Discernment Exercise: How Committed is Too Committed?
In a report published in Harper’s (January 2016, p. 53-62), “The Ultimate Terrorist Factory: Are French prisons incubating extremism?” journalist Scott Sayare tells how Islamic extremists spread extremism while imprisoned. The article is worth reading and raises important questions the West needs to face about how prisoners who espouse dangerous ideologies should be treated within the justice system. It is not a problem with easy solutions.
But that is for another time. As I read Sayare’s article a sentence stood out to me, a sentence in which he tried to capture the notion that these individuals are deeply committed. So committed, in fact, they are willing to give their lives for the cause. Sayare wrote of them having “an attraction to the stark aesthetic of uncompromising devotion” (p. 53).
I pondered Sayare’s prose, and as I did questions came to mind.
Questions1. Is uncompromising devotion found only in Islamic extremists? Is it found in Christians? Should it be found in Christians? Why or why not? Should it be found in serious secularists? Is it possible to be too committed to something, even if it good and true?
2. Are you attracted to the stark aesthetic of uncompromising devotion? What is stark about it? Why are you attracted, or not attracted to it?
3. If someone says they are definitely attracted to the stark aesthetic of uncompromising devotion, what would you immediately feel they are like? If someone says they are definitely not attracted to the stark aesthetic of uncompromising devotion, what would you immediately feel they are like?

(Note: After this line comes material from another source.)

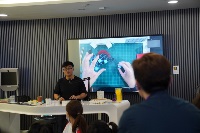 Zi Hao, from Para ( ) Studios conducting a hands-on workshop on constructing kinetic Kirigami sculptures.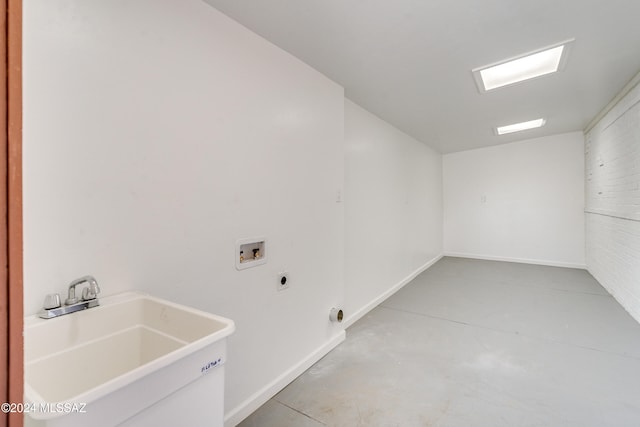 laundry area with sink, hookup for a washing machine, and hookup for an electric dryer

4. Is there an aesthetic to uncompromising devotion? Though this description might be new to us, it is not without some merit. In an age when people walk away from contracts, from marriages, from jobs, from promises, and from churches simply because they have found something better, uncompromising devotion has a certain beauty and attractiveness to it worth considering.
5. A prayer of commitment and devotion much beloved by Christians was found in missionary Betty Stam’s Bible after she was martyred for her faith:
Sovereign Lord, I give up all my own plans and purposes, all my own desires and hopes and accept Thy will for my life. I give myself, my life, my all, utterly to Thee to be Thine forever. Fill me with Thy Holy Spirit, use me as Thou wilt, send me where Thou wilt, work out Thy whole will in my life at any cost, now and forever. Amen.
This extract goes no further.